== DATA FOR THIS TASK ==

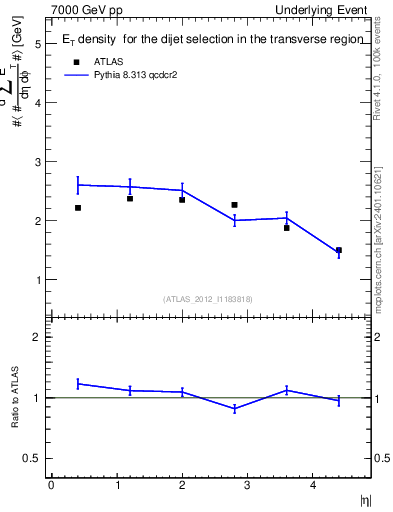 Plot of sumEt-vs-eta-trns in 7000 GeV pp collisions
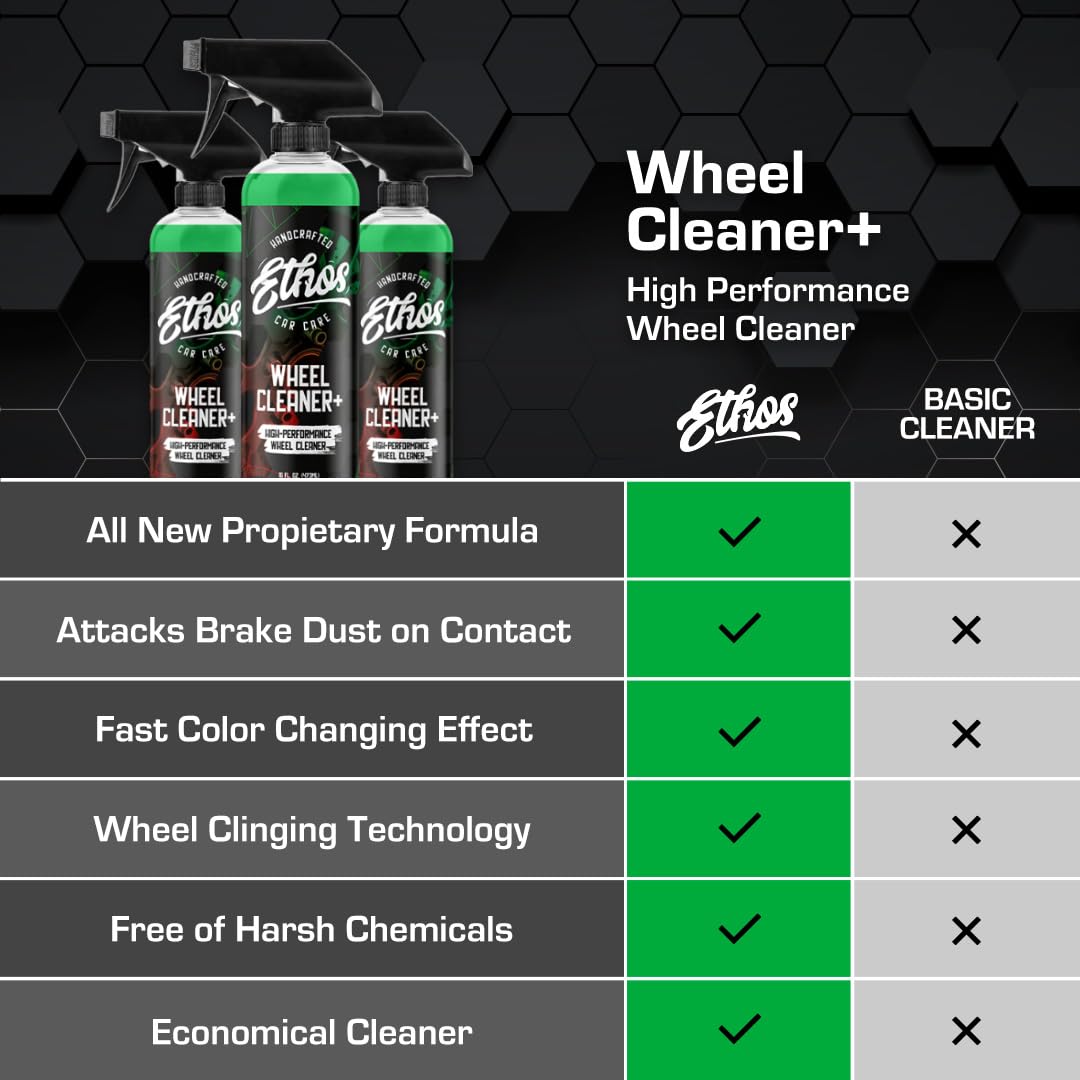 Ethos Wheel Cleaner Spray - Iron Remover Car Detailing - Rim Cleaner Spray Brake Dust, Iron Remover - Color Change Technology -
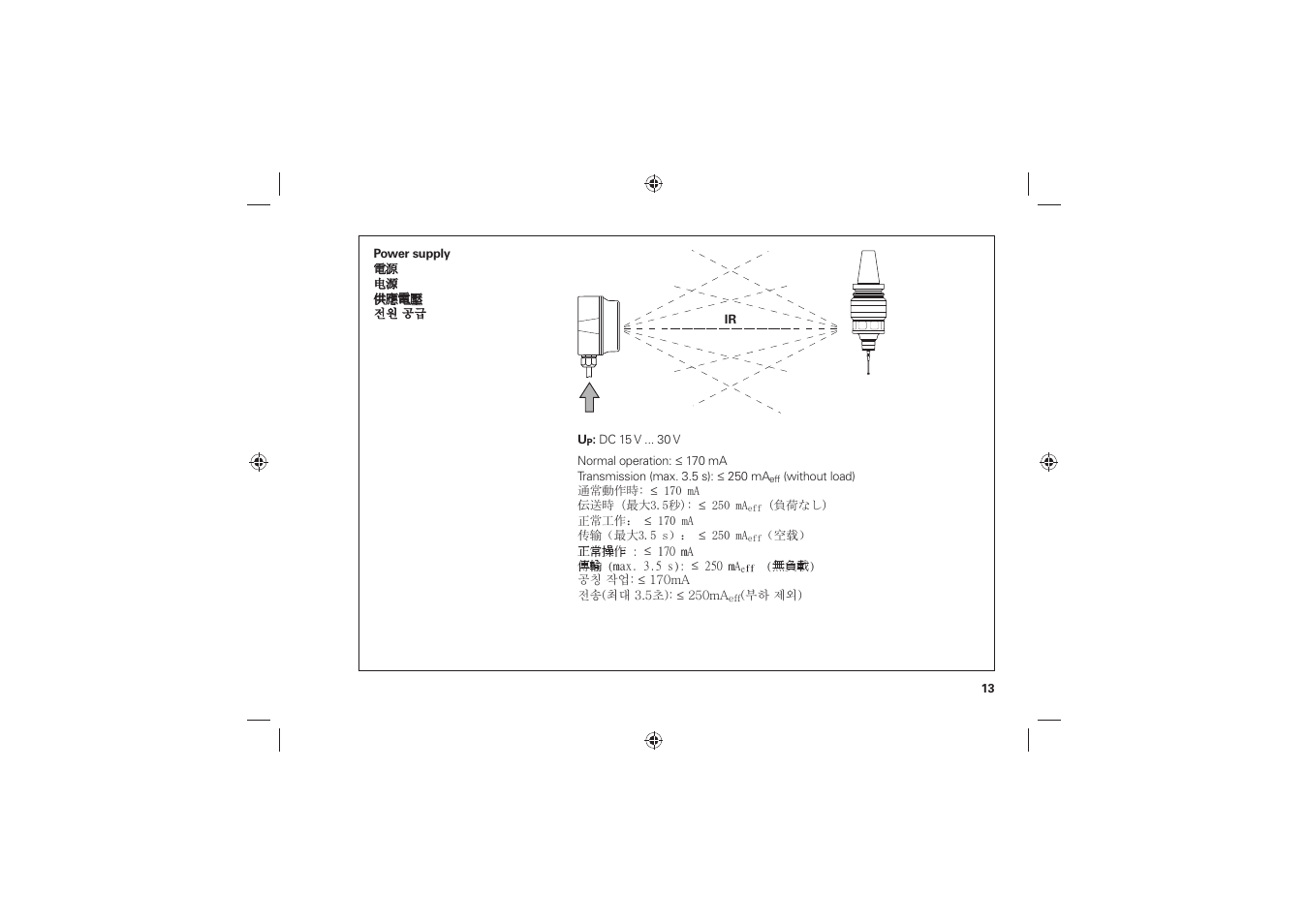 HEIDENHAIN SE 640 User Manual | Page 13 / 24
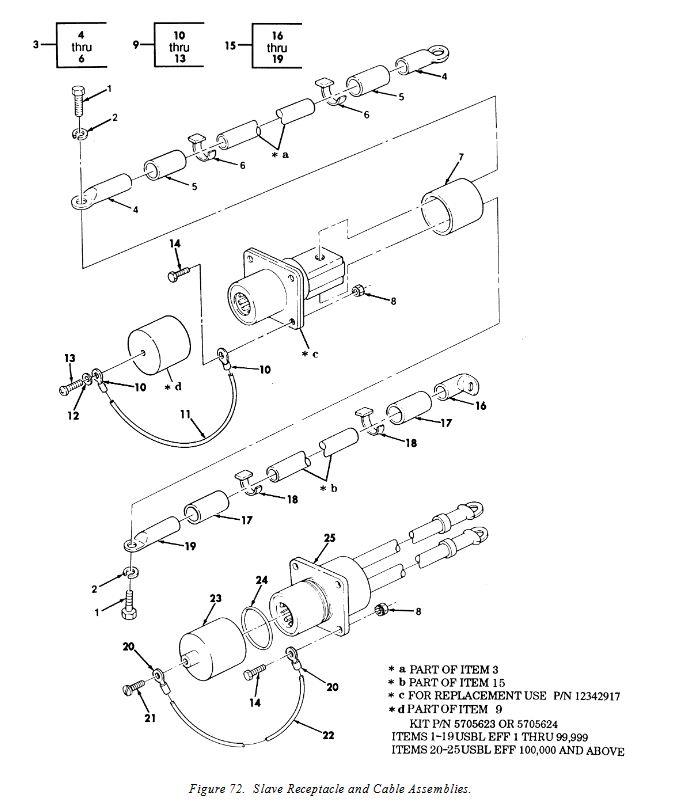 HM-1856 | HM-1856  Nato Receptacle Protective Cap With Lead HMMWV (2).JPG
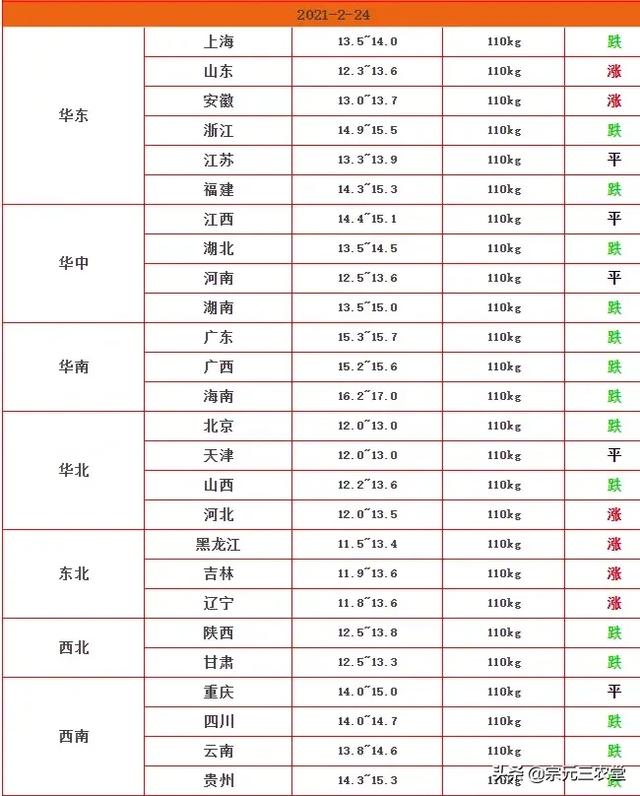 2020年鸟啦网最新批发商:今年库存苹果明年能涨价吗？ 2020年网贷最新情况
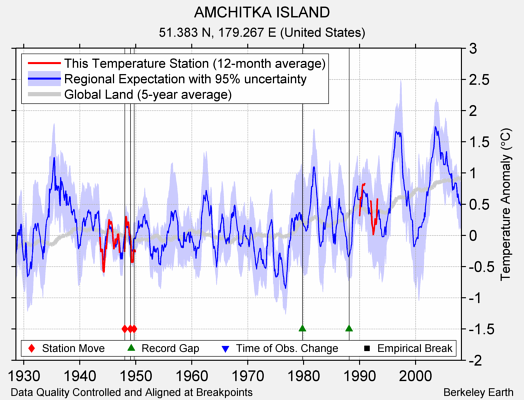 AMCHITKA ISLAND comparison to regional expectation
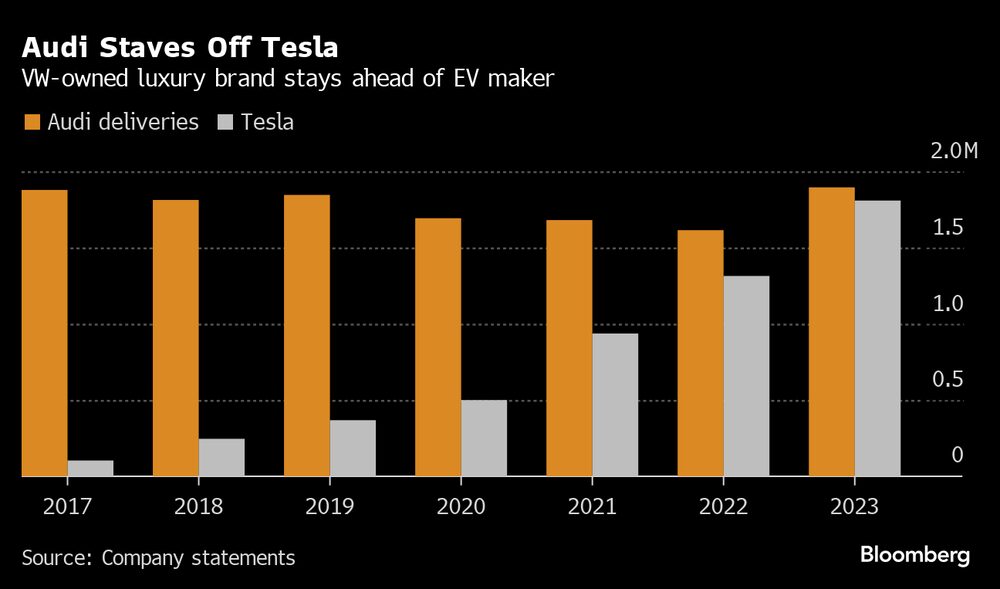 Marca de luxo da Volkswagen se mantém à frente da fabricante de elétricos Marca de luxo da Volkswagen se mantém à frente da fabricante de elétricos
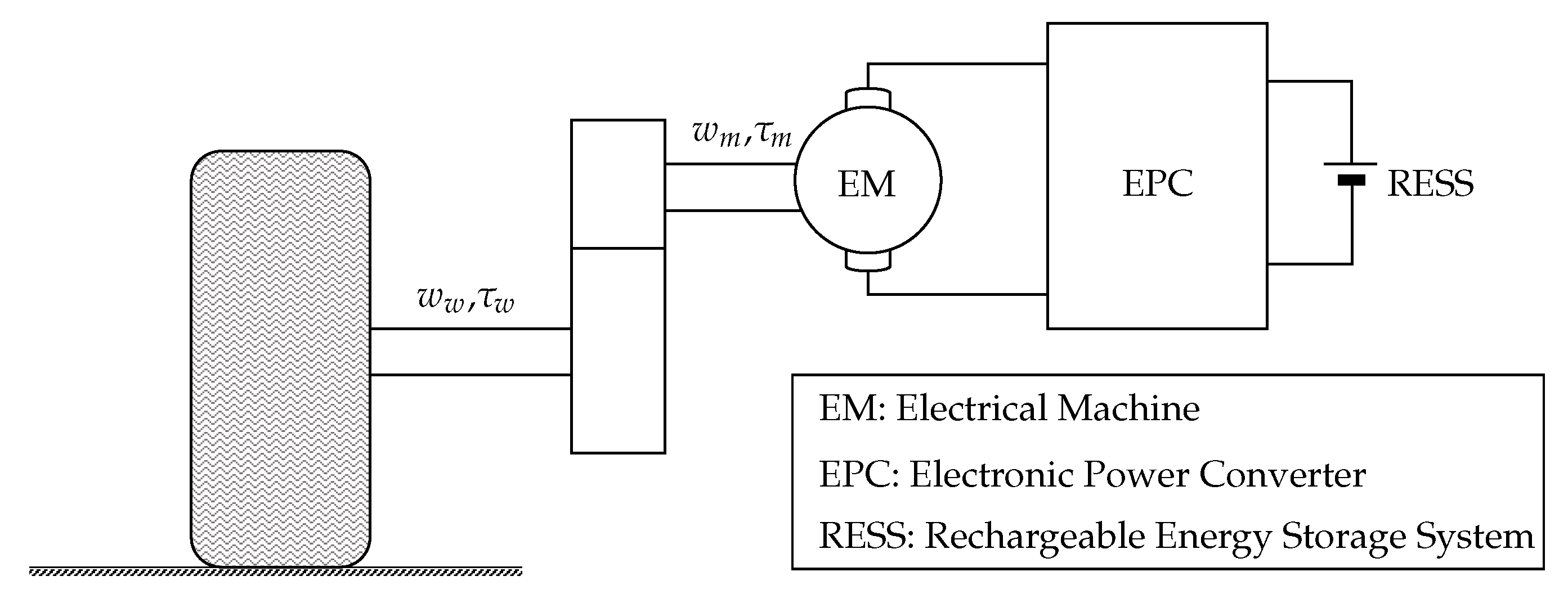 Sustainability 13 04549 g002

===

_PROBLEM_
Leave the pictures aside and transcribe only the lines from the one holding "AMCHITKA ISLAND comparison" through the final line of the records above.

_OUTPUT OF THE TASK_
 AMCHITKA ISLAND comparison to regional expectation
 Marca de luxo da Volkswagen se mantém à frente da fabricante de elétricos Marca de luxo da Volkswagen se mantém à frente da fabricante de elétricos
 Sustainability 13 04549 g002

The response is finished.